Cet article fait suite à ceux consacrés au cycle en V et au cycle itératif. Dans l’histoire des méthodes de gestion de projets informatiques, les méthodes agiles sont une évolution relativement récente qui tente de résoudre certains défauts des pratiques qui étaient en usage jusque-là.
Le manifeste agile
La définition de toutes les méthodes agiles est synthétisée par le Manifeste agile, qui a été rédigé en 2001 par plusieurs acteurs de ce domaine. Il distingue 4 valeurs fondamentales et 12 principes.
Les 4 valeurs
(traduction © Wikipedia et al)
- L’interaction avec les personnes plutôt que les processus et les outils.
- Un produit opérationnel plutôt qu’une documentation pléthorique.
- La collaboration avec le client plutôt que la négociation de contrat.
- La réactivité face au changement plutôt que le suivi d’un plan.
Les 12 principes
(traduction © Wikipedia et al)
- Notre première priorité est de satisfaire le client en livrant tôt et régulièrement des logiciels utiles.
- Le changement est accepté, même tardivement dans le développement. Les processus agiles exploitent le changement comme avantage compétitif pour le client.
- Livrer fréquemment une application fonctionnelle, toutes les deux semaines à deux mois, avec une tendance pour la période la plus courte.
- Les gens de l’art et les développeurs doivent collaborer quotidiennement au projet.
- Bâtissez le projet autour de personnes motivées. Donnez leur l’environnement et le soutien dont elles ont besoin, et croyez en leur capacité à faire le travail.
- La méthode la plus efficace de transmettre l’information est une conversation en face à face.
- Un logiciel fonctionnel est la meilleure unité de mesure de la progression du projet.
- Les processus agiles promeuvent un rythme de développement soutenable. Commanditaires, développeurs et utilisateurs devraient pouvoir maintenir le rythme indéfiniment.
- Une attention continue à l’excellence technique et à la qualité de la conception améliore l’agilité.
- La simplicité – l’art de maximiser la quantité de travail à ne pas faire – est essentielle.
- Les meilleures architectures, spécifications et conceptions sont issues d’équipes qui s’auto-organisent.
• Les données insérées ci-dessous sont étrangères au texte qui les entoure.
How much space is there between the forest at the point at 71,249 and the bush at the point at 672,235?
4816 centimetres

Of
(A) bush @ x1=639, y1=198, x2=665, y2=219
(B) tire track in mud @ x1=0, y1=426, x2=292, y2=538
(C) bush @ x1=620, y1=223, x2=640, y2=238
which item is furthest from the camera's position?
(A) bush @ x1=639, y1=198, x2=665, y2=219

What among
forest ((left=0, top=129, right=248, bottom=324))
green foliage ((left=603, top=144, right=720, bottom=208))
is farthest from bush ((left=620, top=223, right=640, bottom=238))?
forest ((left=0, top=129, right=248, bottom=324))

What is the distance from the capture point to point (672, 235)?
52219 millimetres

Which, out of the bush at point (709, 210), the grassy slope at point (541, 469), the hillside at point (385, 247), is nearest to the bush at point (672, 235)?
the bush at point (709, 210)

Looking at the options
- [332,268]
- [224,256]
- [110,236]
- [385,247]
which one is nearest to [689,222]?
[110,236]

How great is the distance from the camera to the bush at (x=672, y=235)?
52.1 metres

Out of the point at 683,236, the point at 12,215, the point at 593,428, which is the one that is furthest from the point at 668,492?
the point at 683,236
- À intervalle régulier, l’équipe réfléchit aux moyens de devenir plus efficace, puis accorde et ajuste son comportement dans ce sens.
Application concrète
Il existe plusieurs méthodes qui suivent l’esprit du manifeste. Elles ont chacune leurs spécificités, mais de manière globale elles œuvrent toutes dans les mêmes voies.
- Le client, qu’il soit interne ou externe, est intégré au plus près du projet. Il est informé des avancements et des problèmes rencontrés. Le but est de produire un logiciel qui satisfasse le client, et non qui respecte à la lettre la spécification fonctionnelle rédigée plusieurs semaines ou mois auparavant. Il faut donc valider fréquemment que la direction prise soit celle qui mène à sa satisfaction effective.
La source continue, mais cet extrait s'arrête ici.